Every evening upon finishing our homework and a glass of milk, the friends would gather at the derelict outhouse which provided the most suitable setting for our juvenile games.
Out of the seven, after the ritualistic chant of ``in-pin-safety-pin-in-pin-out,
khelna hai to khelo warna (play if you like or else) get out!'', I was the singled-out participant for the `dare you’ game of the day. Very compliantly I climbed into the corroded age-old closet wherein I, `
poorani almari wali chudail' ( the witch of the old closet) , the spell-weaver, had to remain till my companions would challenge and call out in choral rhyme,
kya tu hum sabse darkar, baithee jo almari ke andar,
bana sakti kya hum sabko bandar, chala kar apna jadoo mantar? ( are you afraid of us that you hide in that closet? Do you have the power to weave a magic spell and turn us into monkeys? ). Thereupon, I, the closet witch, had to come out of my cubbyhole and cast my spell on whoever I’d come upon first.
I did not see the lever turn in the black opacity, nor did I hear the hurried footfalls fading on the desiccating grass. I waited alertly for that signal from my friends, instead, I heard my sniggering mates yelling out that they had tossed up the key to my freedom high up which the sky devoured. Funnily, I did not find my friends' meanness peculiar.

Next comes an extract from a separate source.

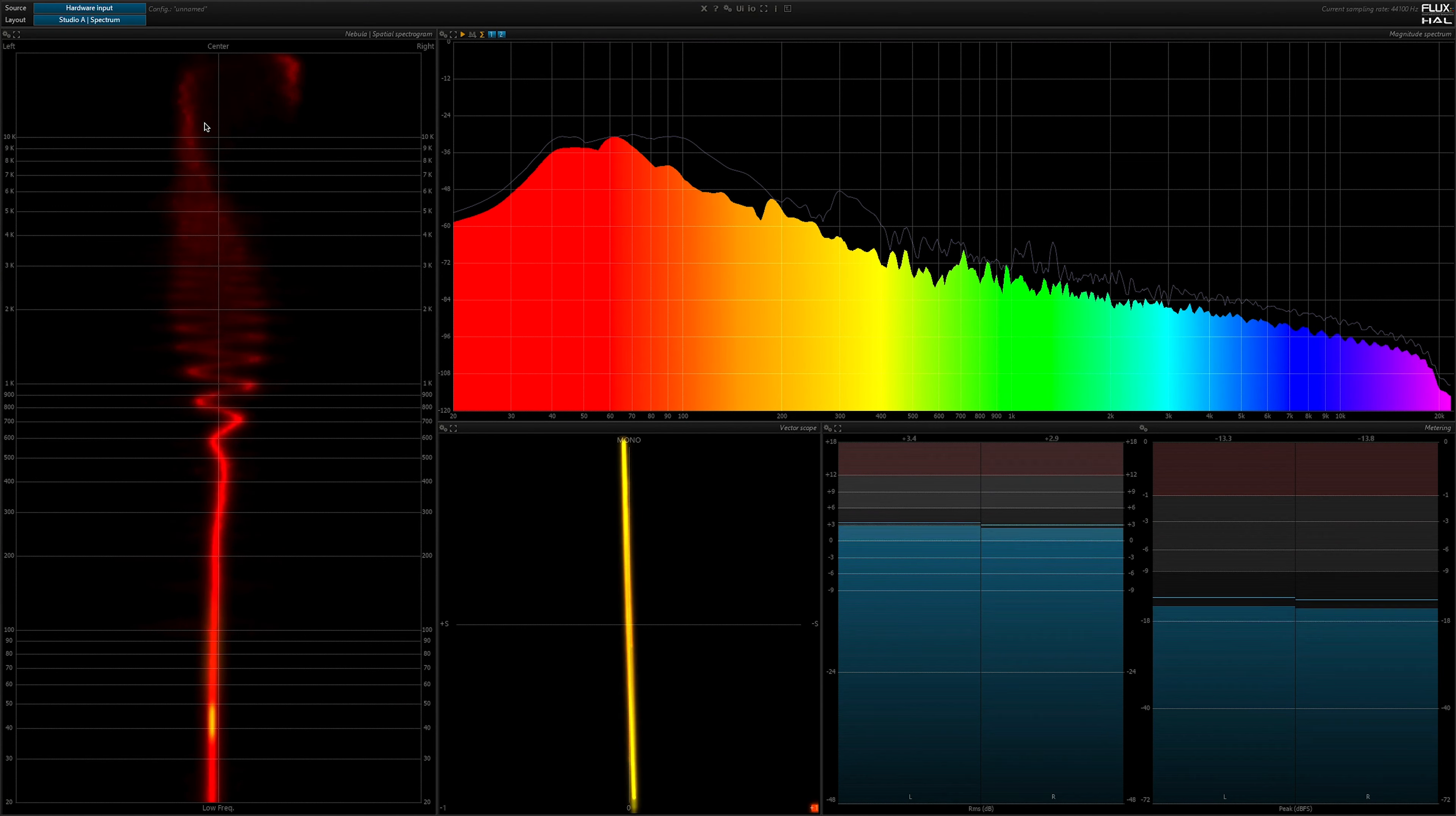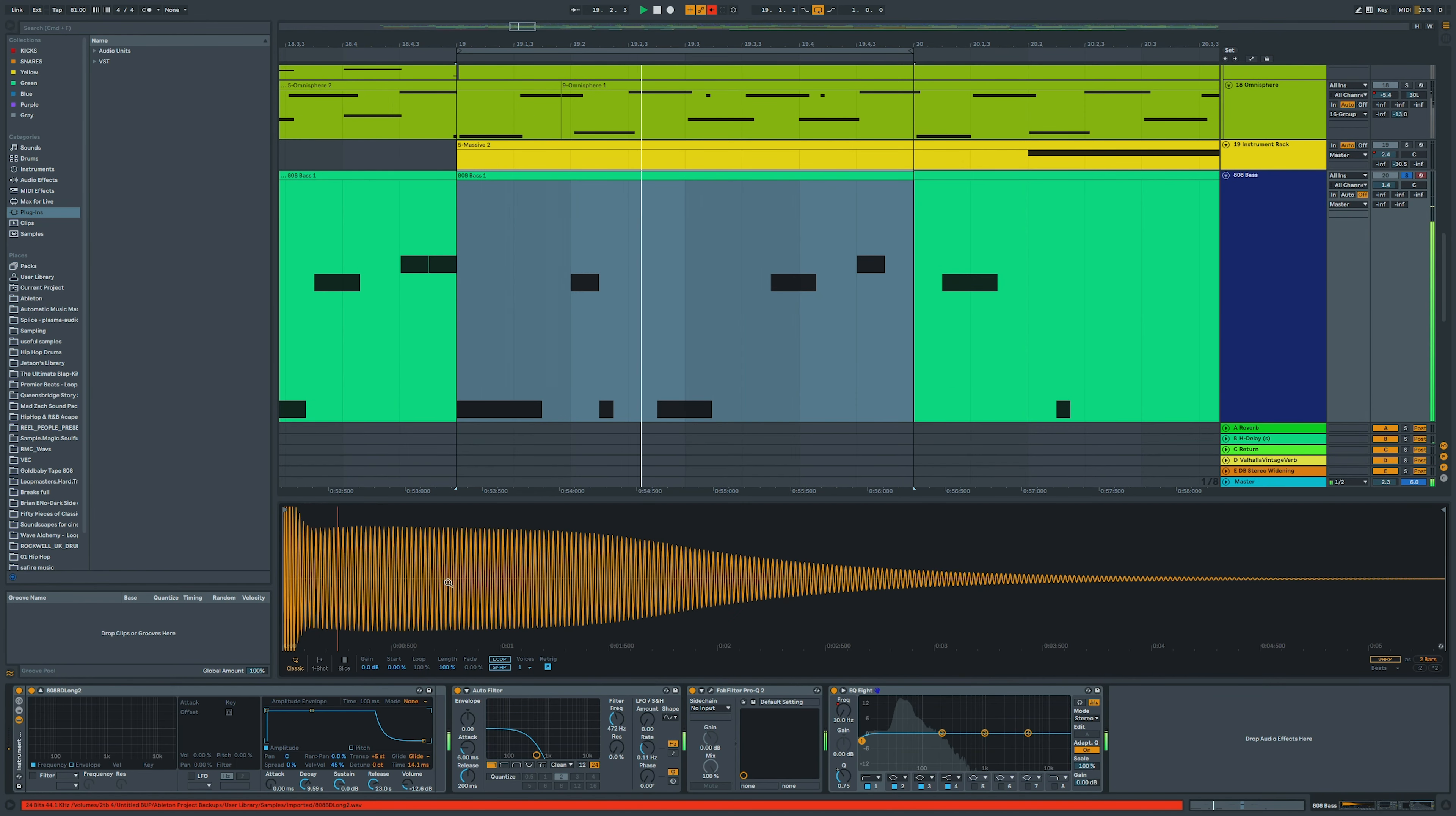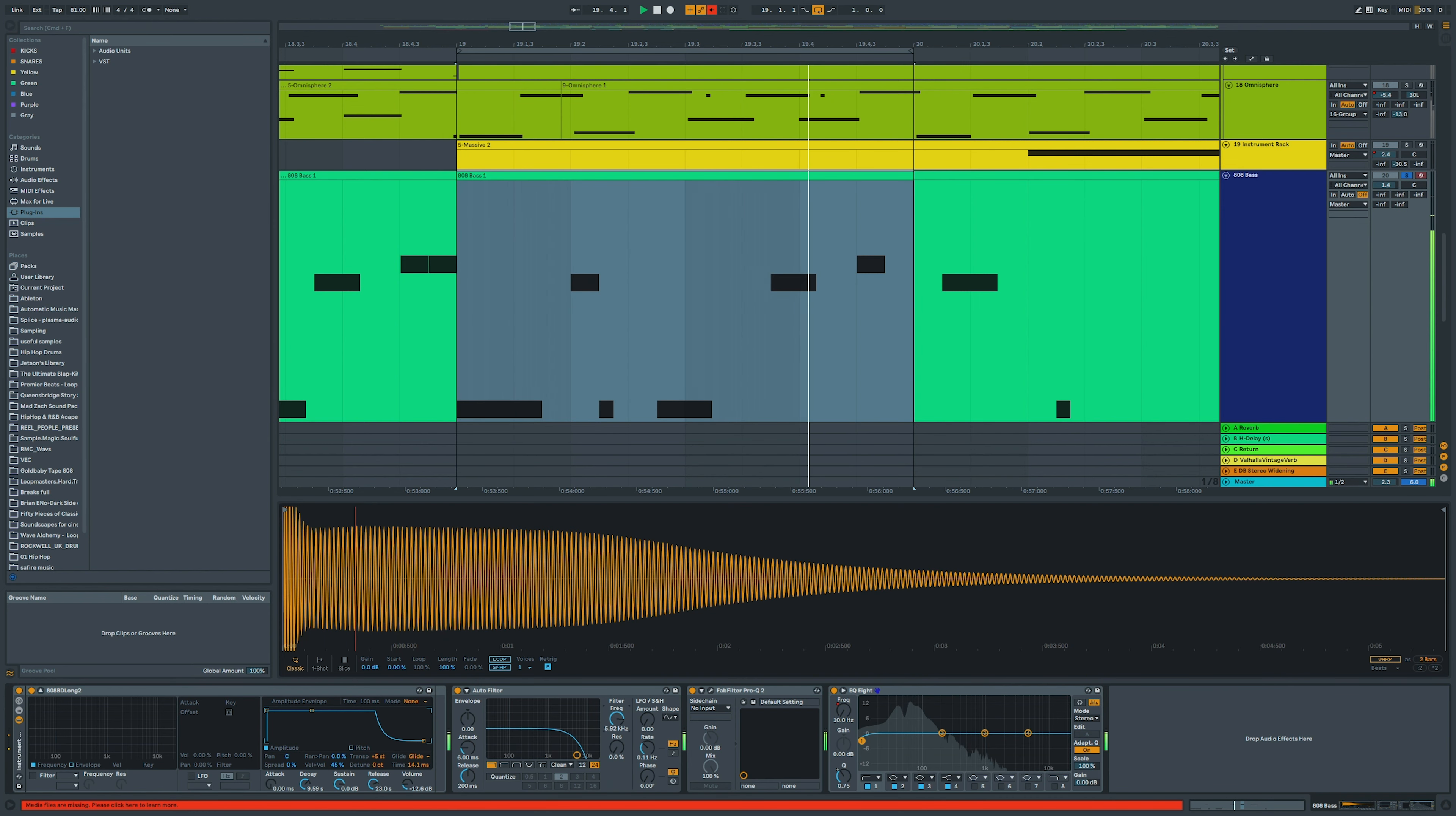So yeah, usually kicking off the session with a pretty standard raw 808 bass. In this instance, I rolled off some of the highs of the 808, mainly because the attack of the sound was quite punchy, and the way that it triggered the outboard equipment was too strong.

It must have been the clamminess inside, or the suspended stale air, or the cold solid metal against which I reclined sideways, tucking my legs together. In next to no time my olfactory nerves became comatose and I slept. Or fainted.
Noises.
A weepy and a very hysterical mother discovered me.
Sometimes I dream of those tittering friends from my childhood days.
The key, it was never retrieved.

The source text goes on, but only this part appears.